Embedded smart vision system based on RBF neural processor: application to human pose classification.
Nowadays, person detection is more and more necessary in the context of security applications. In this context, several systems have been proposed like single standalone video systems or PC-based solutions. If these systems can reach relative good
performances in terms of success of detection, they require however presence of human operator assistance and in general, automatic detection in these systems is not embedded because used image processing algorithms require a lot of calculations which are difficult to implement on hardware.

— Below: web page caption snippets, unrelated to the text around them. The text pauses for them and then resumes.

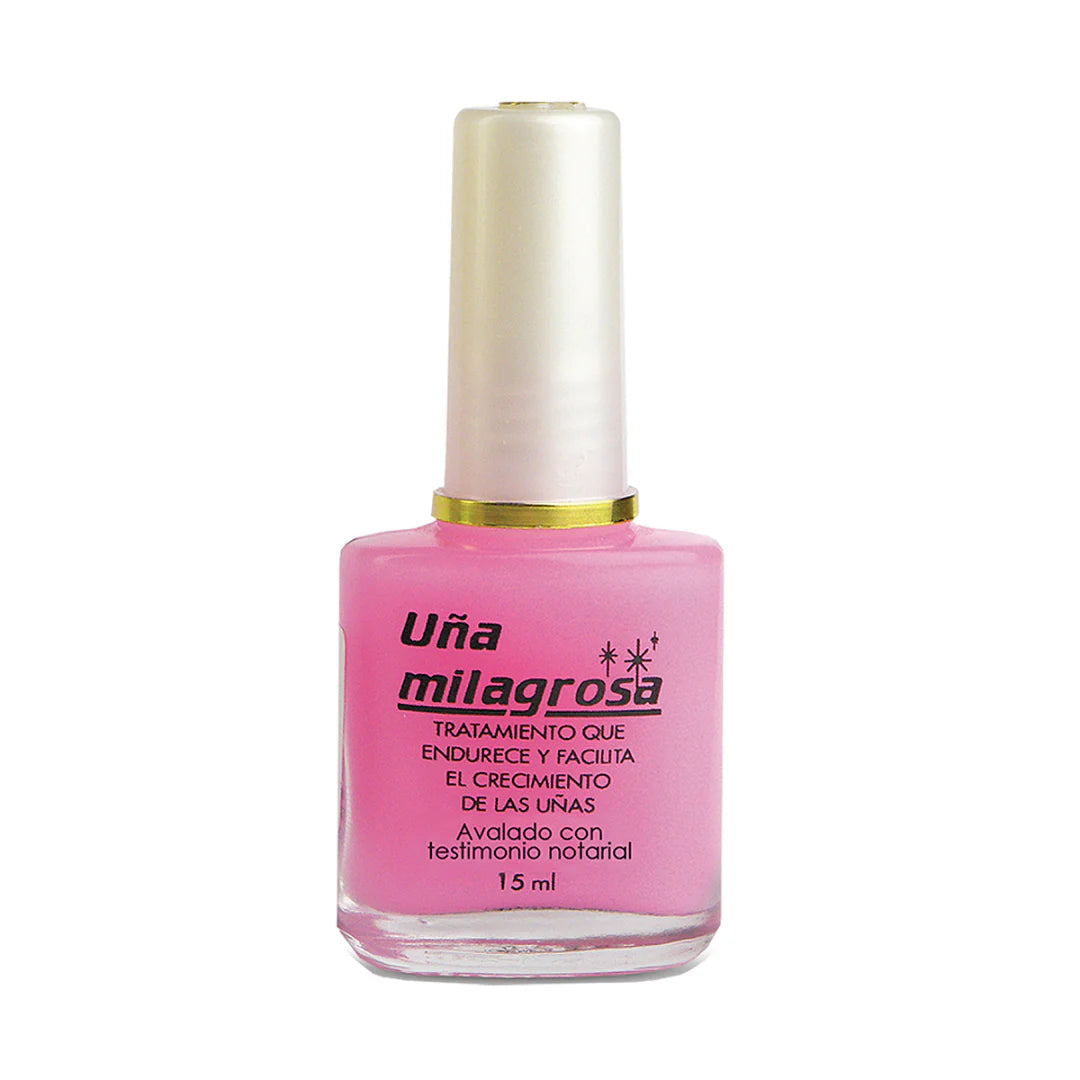 TRATAMIENTO UÑA MILAGROSA BY APPLE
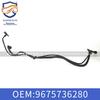 Para Peugeot 308/308s/408/4008 Citroen C4 1.2T tubo duplo de combustível OE9675736280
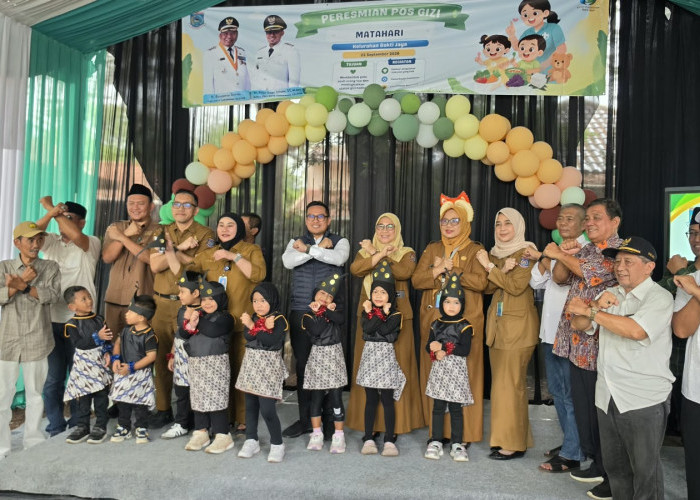 Sebanyak 879 Balita Terdeteksi Stunting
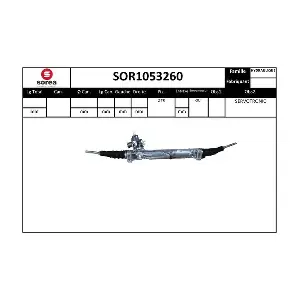 SOR1053260 SERA
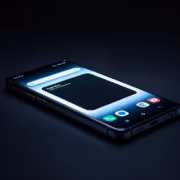 Смартфон с изогнутым экраном и интерфейсом Snapdragon 8 Elite Gen 6 Pro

One solution to improve performances of such systems is to use artificial neural network whose characteristic is to emulate the reasoning of the human brain which can recognize with surprising ease, and in real tim, a pattern from the moment it was learned.
Moreover, neural network is inherently a group of elements with the same behavior, it is a candidate for a parallel architecture.
In this field, the CogniMem chip is a fully parallel silicon neural network: it is a chain of 1024 identical elements (i.e. neurons) addressed in parallel and which have their own “genetic” material to learn and recall patterns without running a single line of code and without synchronizing to any supervising unit. A resulting achievement of this architecture is a constant learning and recognition time regardless of the number of connected neurons.
Using the CogniMem chip connected to an Aptina MT9V024 CMOS sensor (752×488 pixels) and to a Spartan 6 FPGA from Xilinx, we designed a new embedded smart vision system (named « SmartNeuroCam ») which allows to track in real time and with a low power
consumption (less than 1w), human persons in natural scenes.